The development process was pretty straightforward other than the difficulty finding vendors who had adequate quality control. With guidance from the work of @NickDaring above, I just put together some CAD models, did a little bit of 3D print prototyping and tweaking of dimensions to fit the available materials, and wrote up some specs. That was the easy part and took like an afternoon.

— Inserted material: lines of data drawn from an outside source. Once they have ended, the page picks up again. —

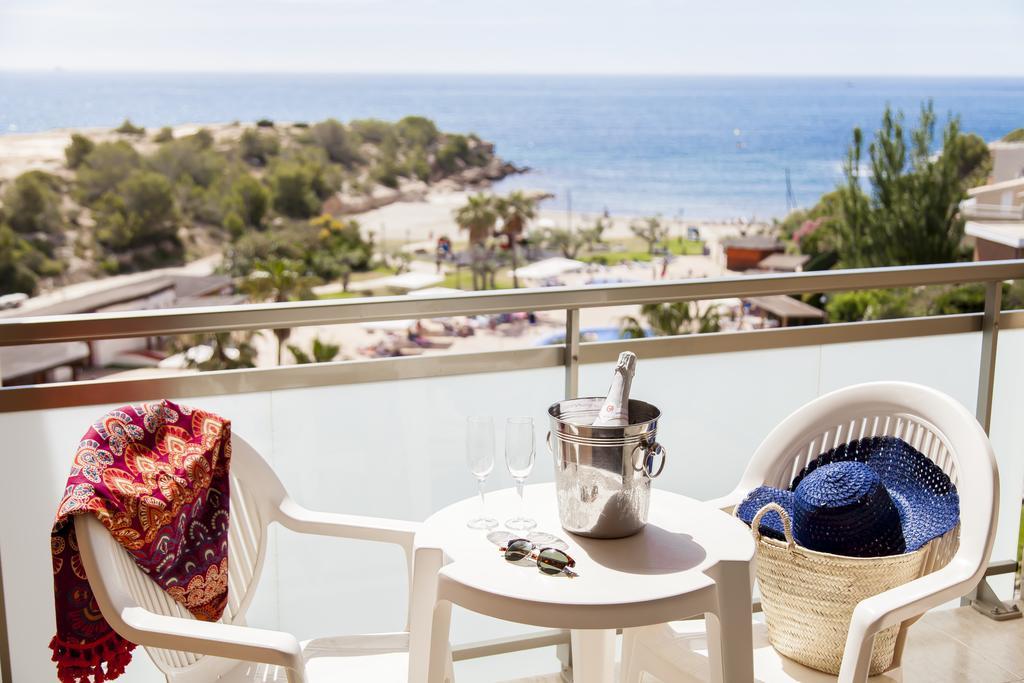 Habitación Doble Superior con vistas al mar (1 adulto + 1 niño)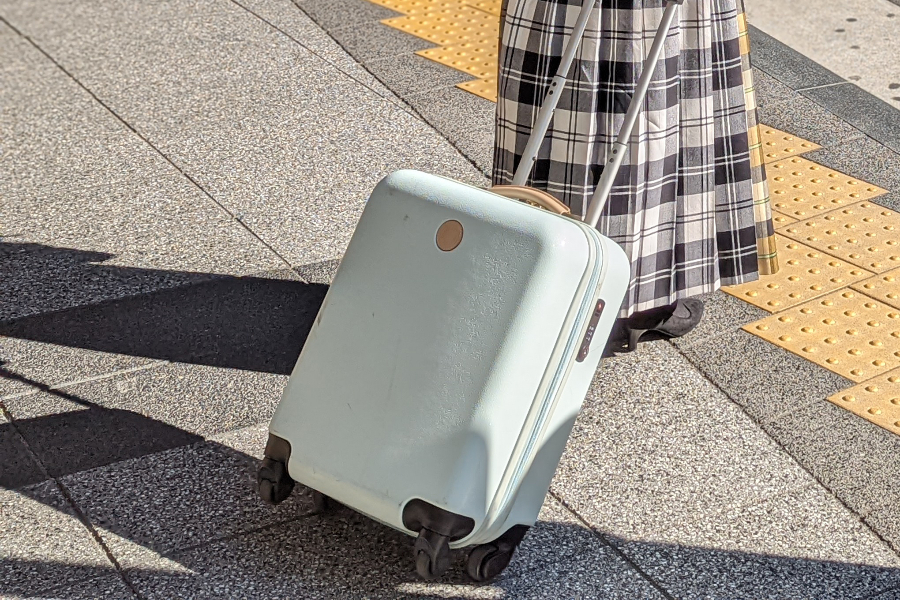 軽量、4輪、傷がついても目立たない素材がオススメ!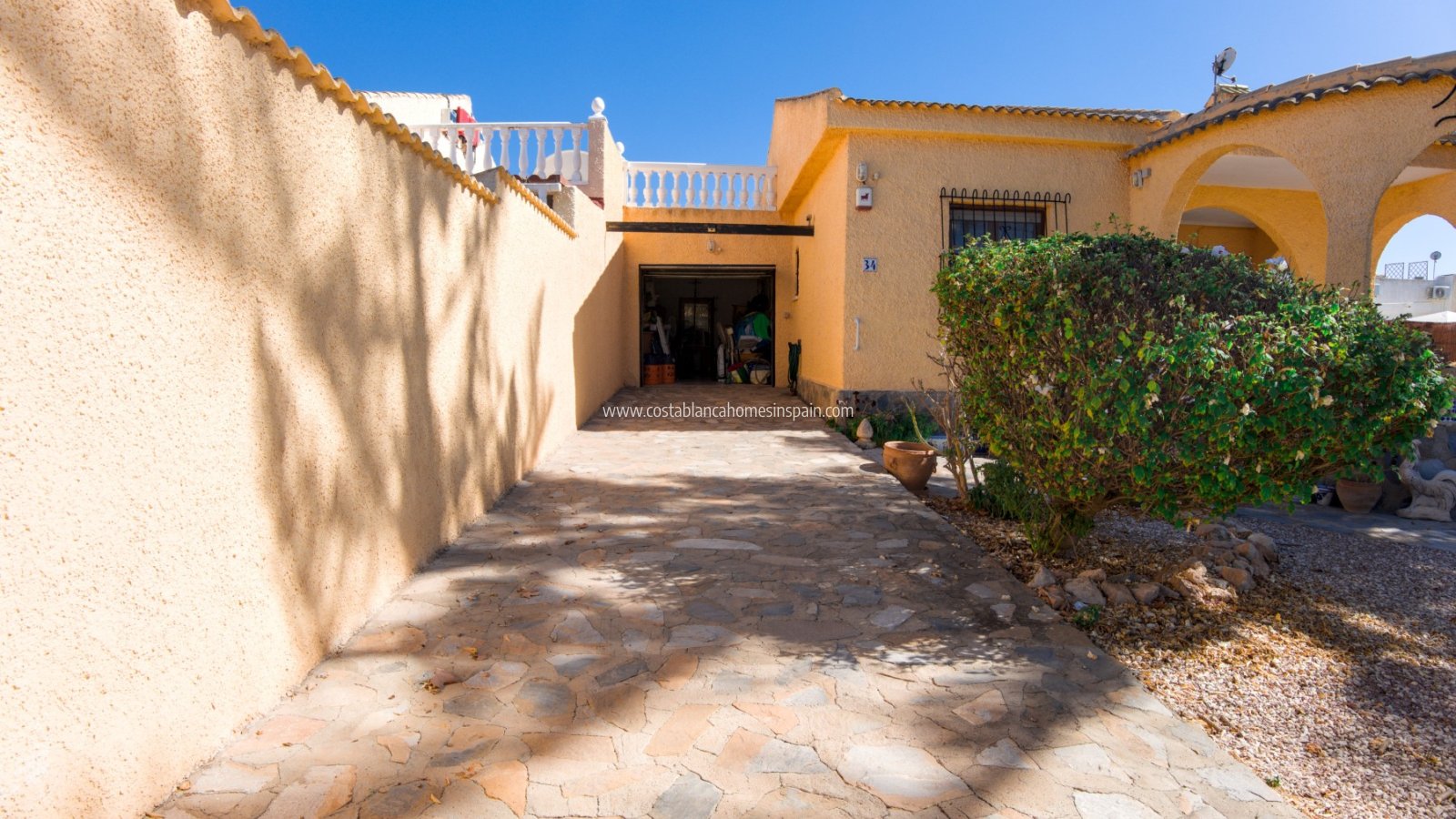 Sale - Detached Villa - Torrevieja - La Siesta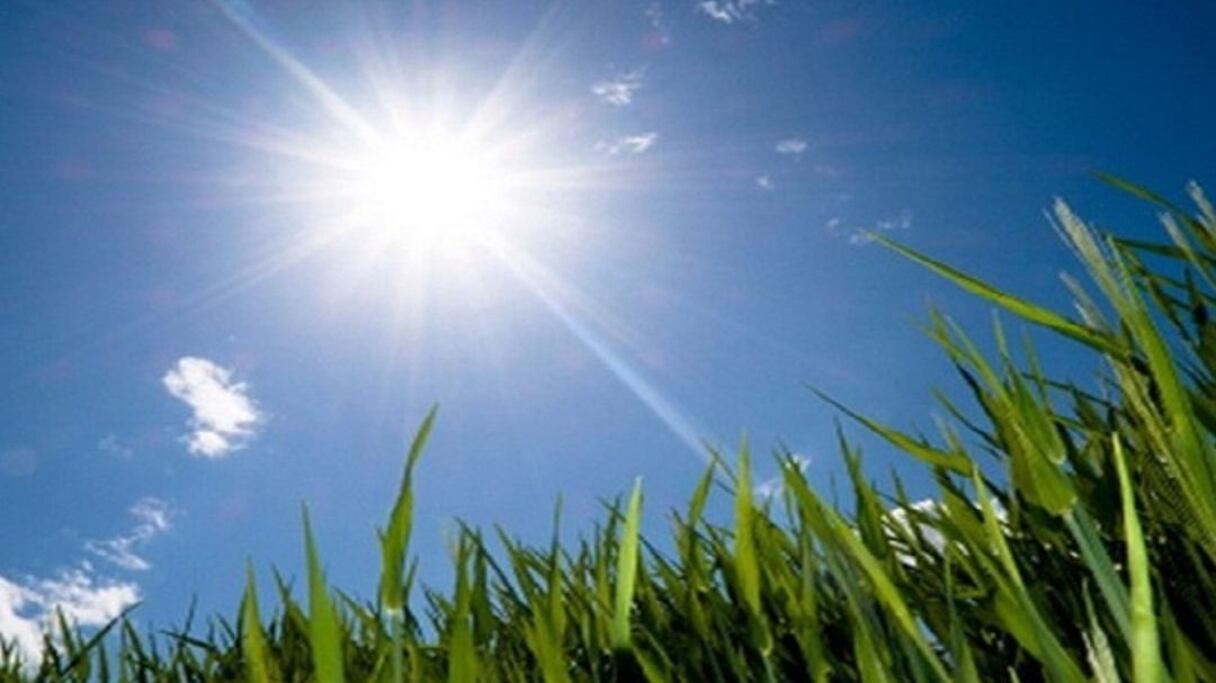 طقس الاثنين: أجواء حارة وسحب غير مستقرة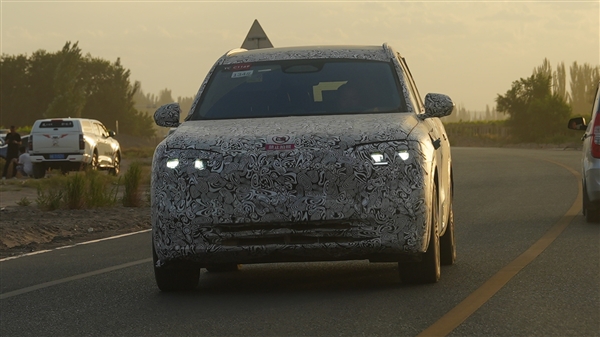 問界又一爆款SUV將至！全新M7諜照曝光：果然換了設計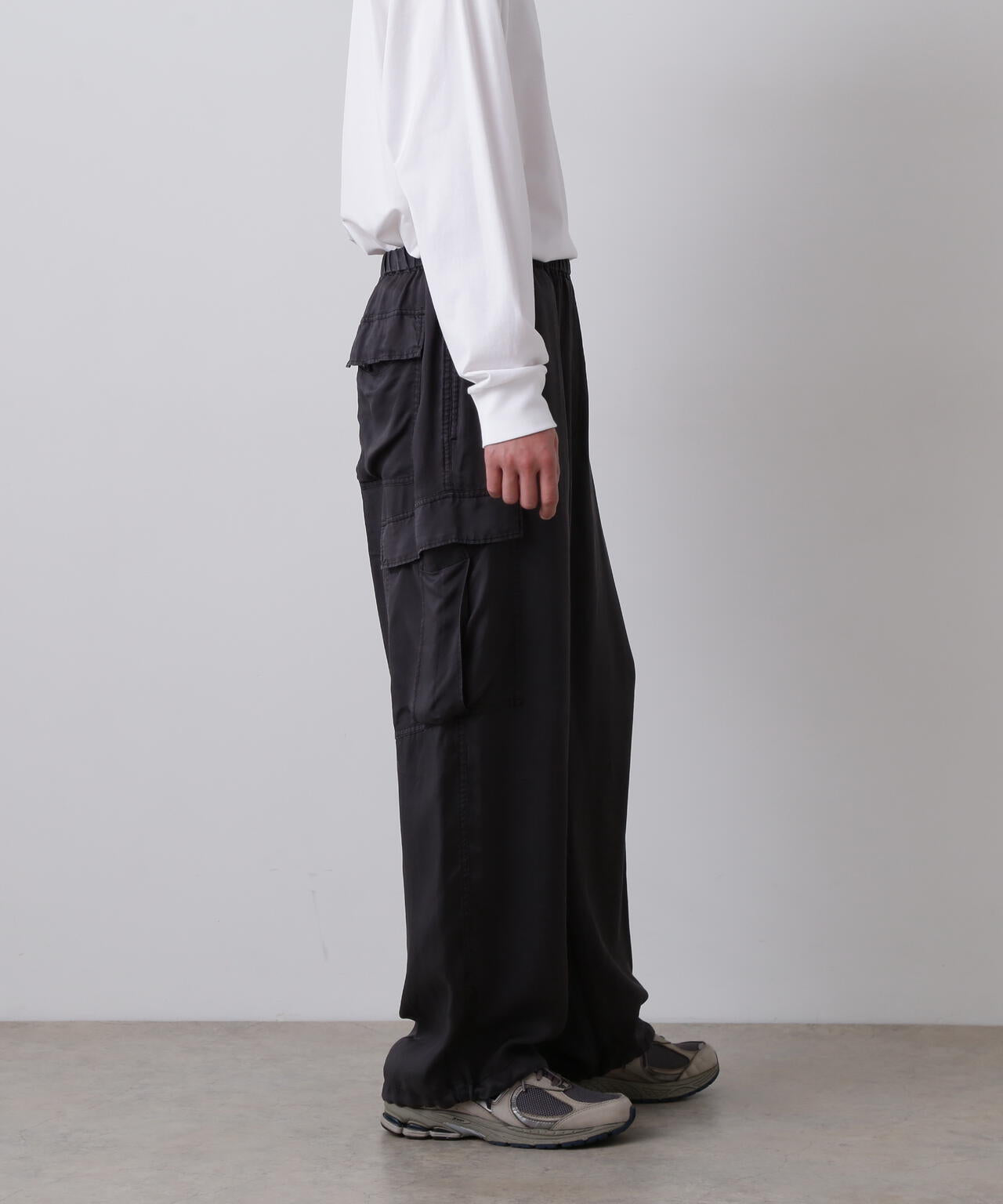 YLEVE / CUPRA TWILL GARMANT DYE EASY CARGO TROUSERS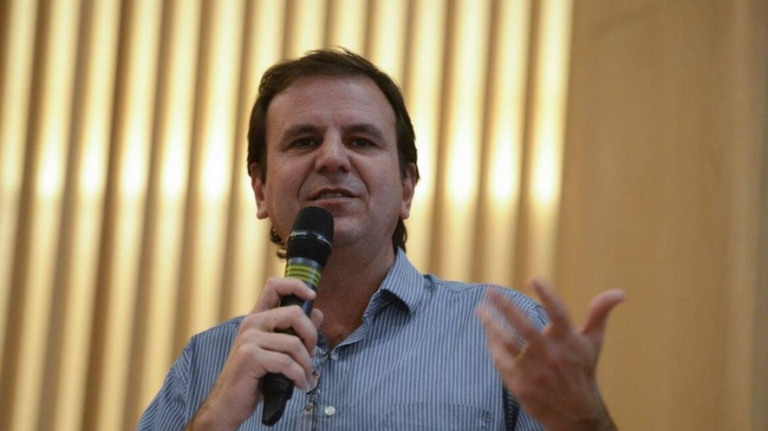 Eduardo Paes chama governo Lula de 'estranho'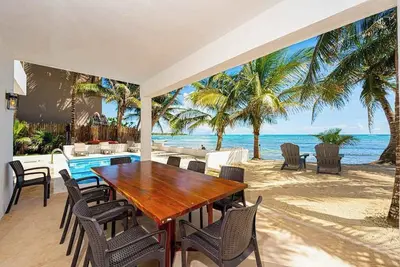 Image de Oceanfront home with beach access, pool, balconies, & waterfront hammocks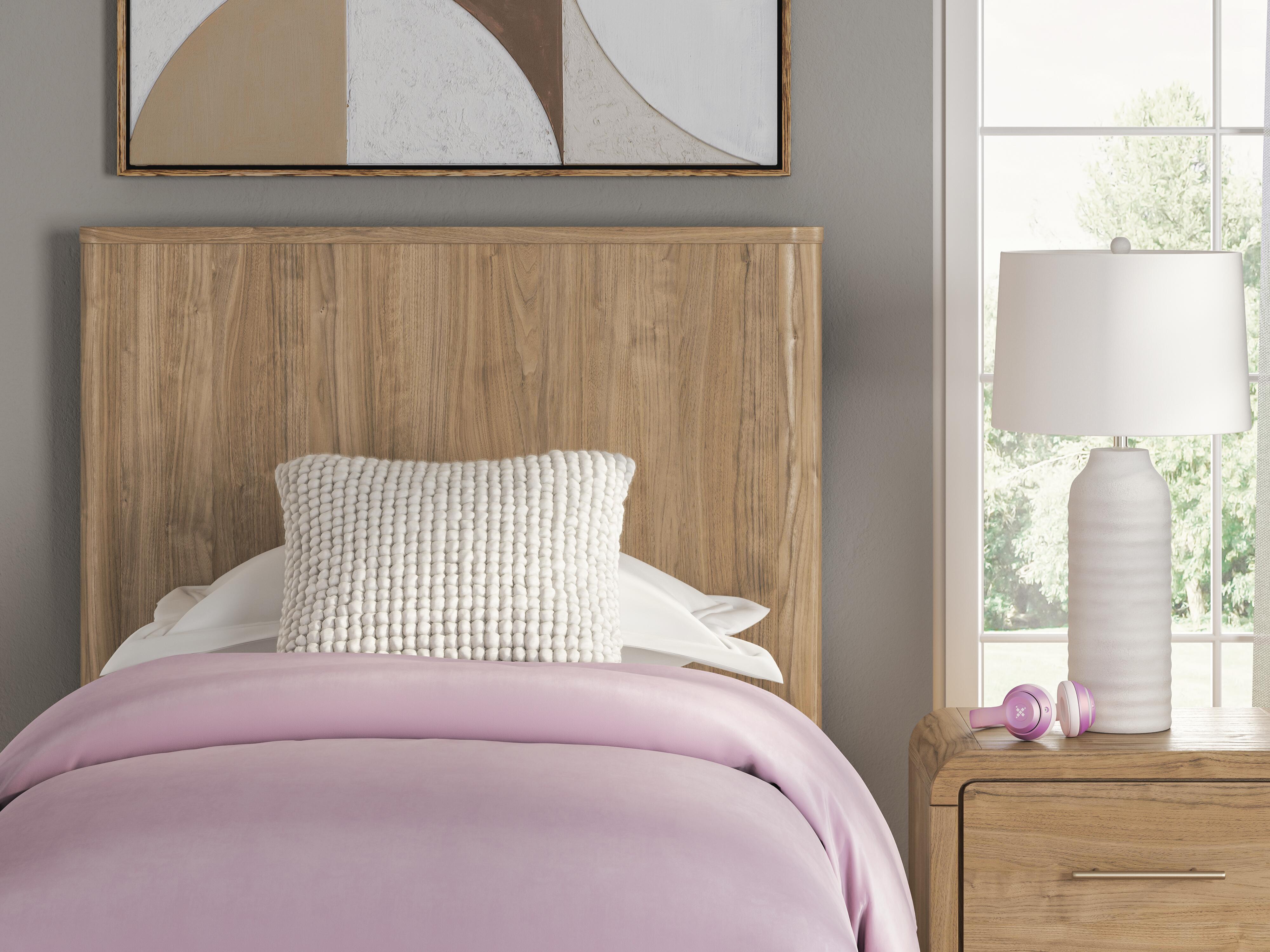 Gramburg Panel Bed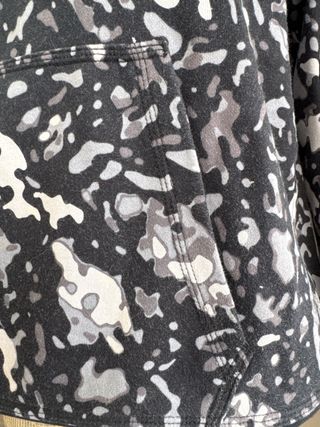 Sudadera Nike Camuflaje Gris y Negra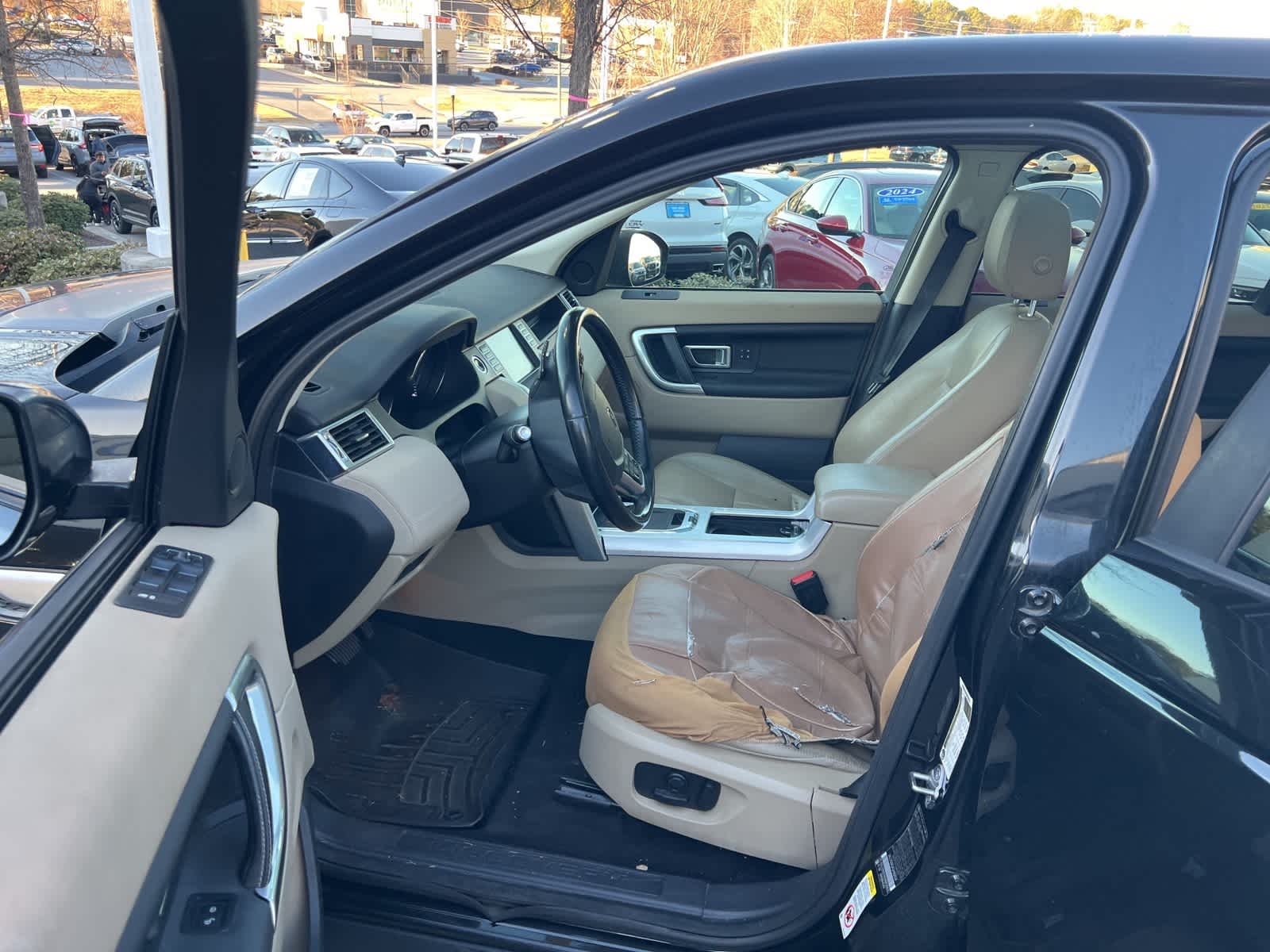 Thumbnail: 2016 Land Rover Discovery Sport - 16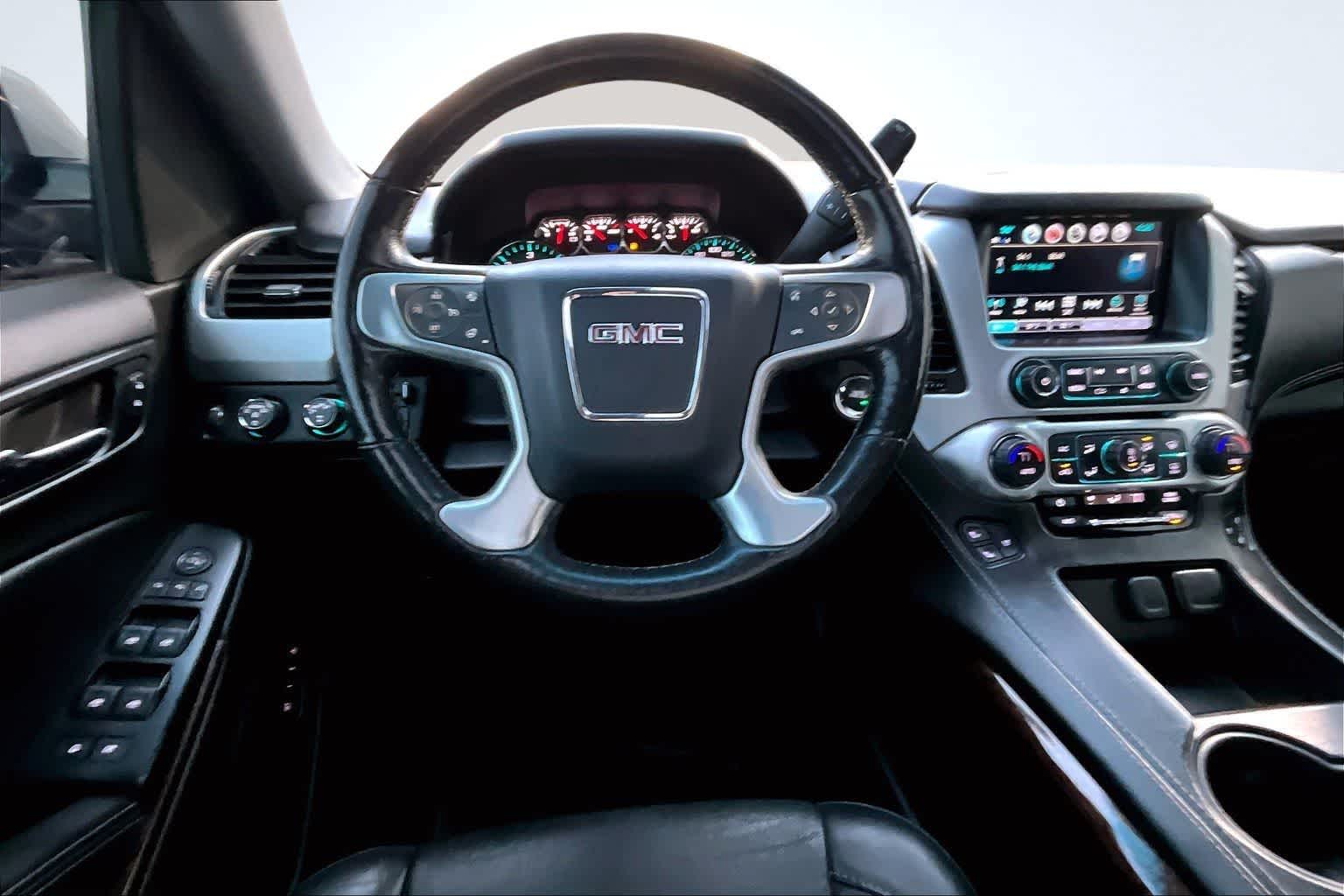 Thumbnail: 2018 GMC Yukon XL - 15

The very hard part was finding a company experienced both in CNC manufacturing and vapor polishing of acrylic and also in screen-printing on acrylic. Every factory we dealt with either had very shoddy machining with visible tooling marks,
Or kept forgetting some critical step (like the edge radius),
Or they sent me PADDs printed with direct UV printing, which looks awful and totally inaccurate (see below), despite my specifying otherwise.
There is also a ton of other tedium involved, such as writing QC inspection criteria, packaging design and sourcing, etc. So, yeah, that’s why it took me forever. \
But I’m quite happy with the result, and I think the folks at Roddenberry.com are too.
They had a sample on display in Vegas, which got picked up by TrekCore
I also came up with some multi-layered packaging to keep things compact, which was kind of fun. Sorry for the lousy photos, but
The rubber bumpons there on the bottom aren’t accurate, but they’re easily removed if you don’t want them and help protect the acrylic bottom surface, which of course scratches easily.